Reflecting on the African context, Mrs Chris-Asoluka shared how fuelling local mass entrepreneurship not only enriches livelihoods for entrepreneurs but is also a pathway to job creation, especially in less-developed labour markets saying, “We need to change mindsets so that people go from being job takers to job makers”. Mr Ferro Ferizka, Executive Director of Pijar Foundation, distilled the three ingredients required to make these local entrepreneurship models work: education, exposure, and connections, with all panellists noting the importance of education as a foundation-setting enabler.

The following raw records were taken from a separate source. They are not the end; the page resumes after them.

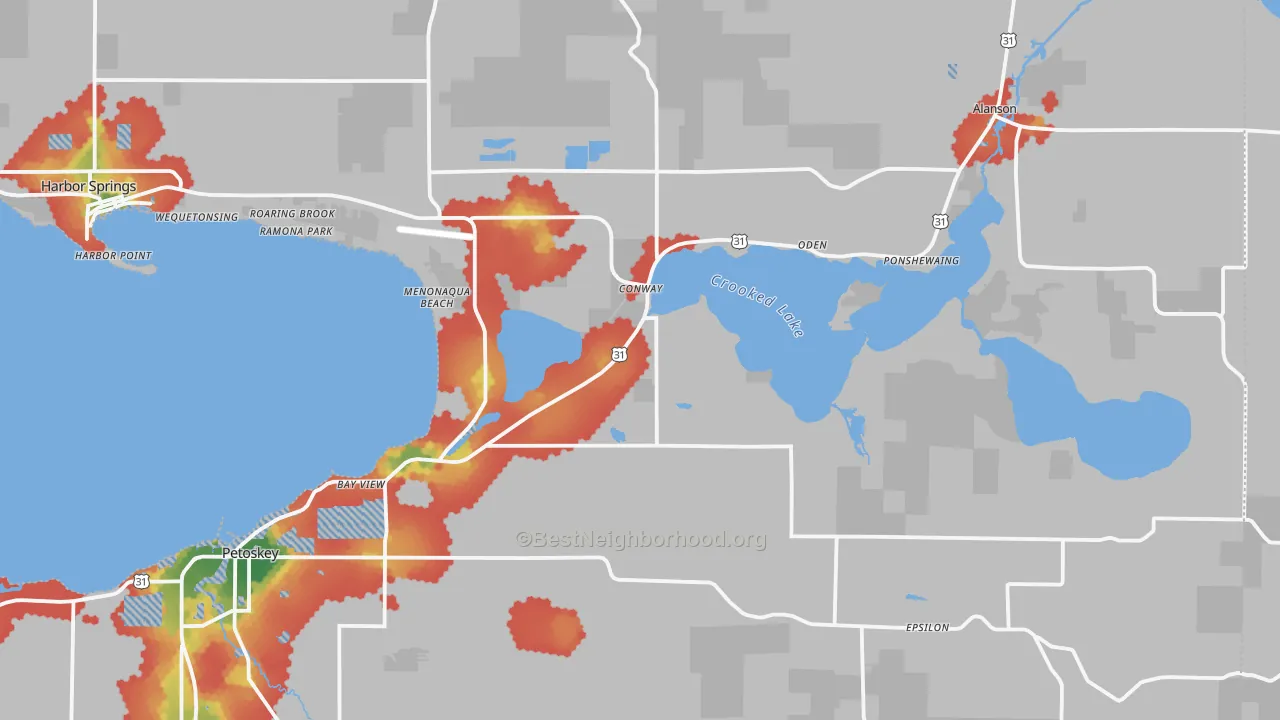 Walk Grade map of Conway, MI, walkable areas in green and car-dependent areas in red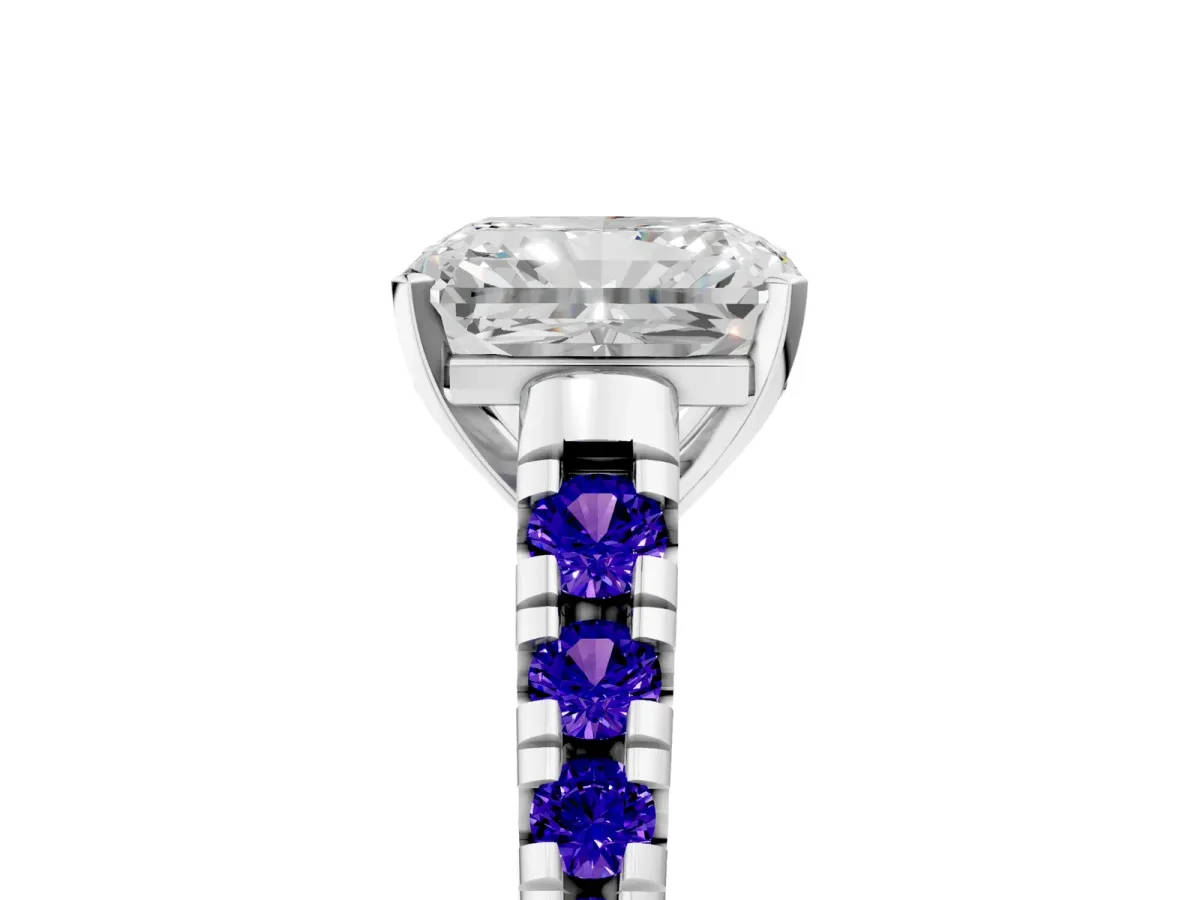 Radiant Cut Diamond Cathedral Solitaire Ring with Round Tanzanite Pavé Band Silver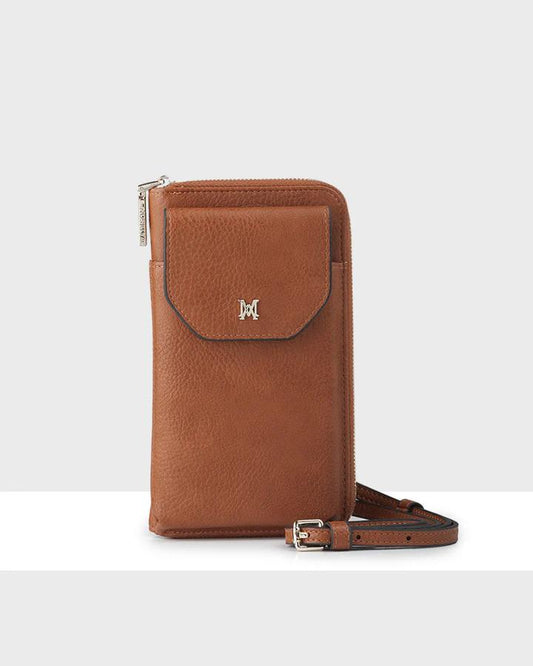 HALLIE PHONE WALLET DARK TAN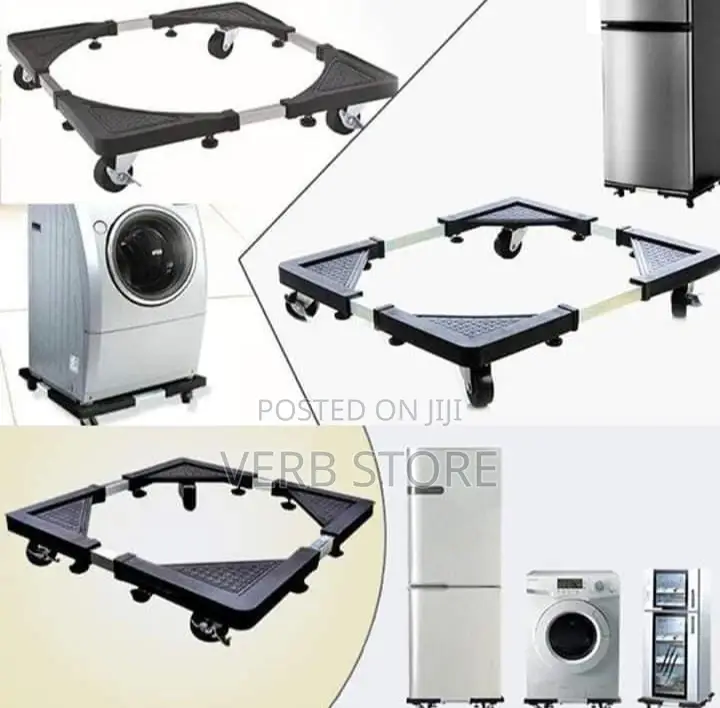 Adjustable Fridge/ Washing Machine Trolley Stand 56x56cm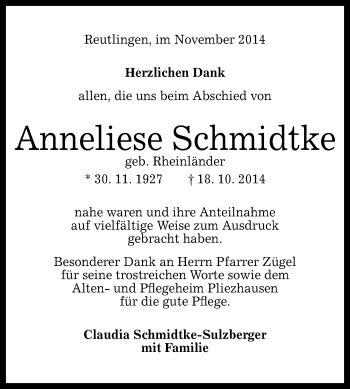 Anzeige von Anneliese Schmidtke von Reutlinger Generalanzeiger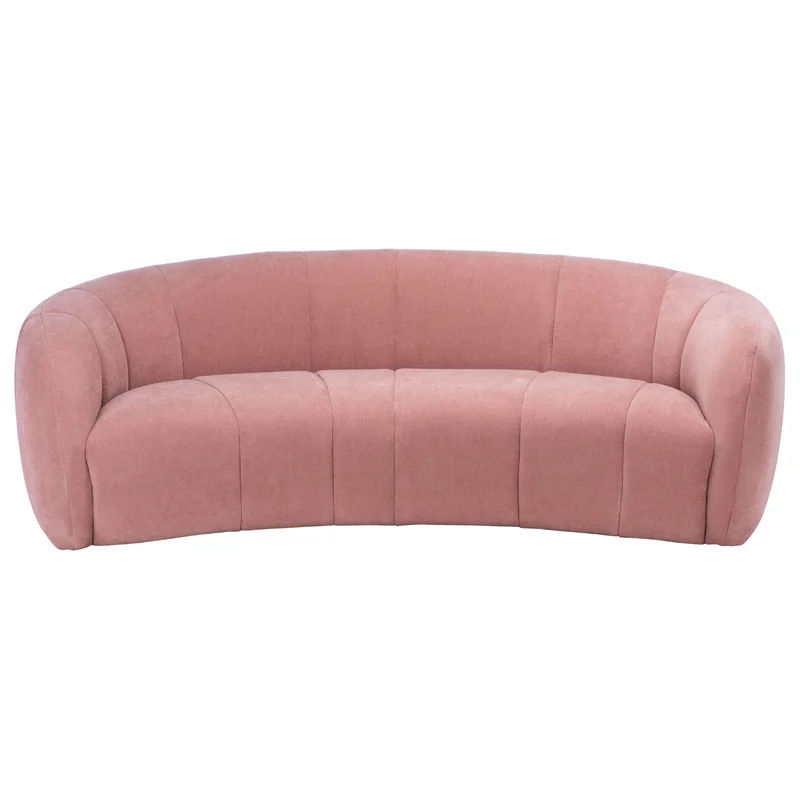 Amanjot Linen Round Arm Curved Sofa thumbnail 3
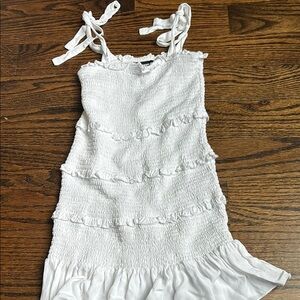 KatieJNYC White Ruffled Sleeveless Dress runs small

Seconding the reflections shared by Mr Mekin Maheshwari, Founder and Chief Executive Officer of Udhyam Learning Foundation, on his organisation’s work with high school students in India, Ms Nisa Leung, Managing Partner of Qiming Venture Partners, reiterated that it is no longer sufficient to develop entrepreneurial skills and mindsets in university age students. Rather, these skills must be built as early as middle or high school. This can help instil the core values and skills for successful entrepreneurs: strong ethics, an ability to identify and articulate a compelling vision, and ultimately build, collectivise, and develop a team around that vision.
The enabling environment for developing mass entrepreneurs is richer than ever before. For example, Mr Ferizka noted that the democratisation of technology gives entrepreneurs a new set of tools for establishing and scaling their businesses. Mrs Chris-Asoluka echoed the richness of investment opportunities in these markets – illustrating the high returns that African businesses offer.
Panellists offered varying points of view in their responses around the role of philanthropic and public grants versus commercial capital. For example, while Ms Leung felt that ultimately good companies do not need grant funding, Mr Maheshwari held the view that catalytic grant capital is often needed to help entrepreneurs get a start – e.g., to hire an initial employee, rent office space, or make similar investments that make them appear more “investable” to commercial capital. Mr Ferizka explained how philanthropy needs to play a more permanent role and work with the government and not just participate with an intervention-centric approach. Mrs Chris-Asoluka also echoed the need for collaboration across private, public, and philanthropic sectors.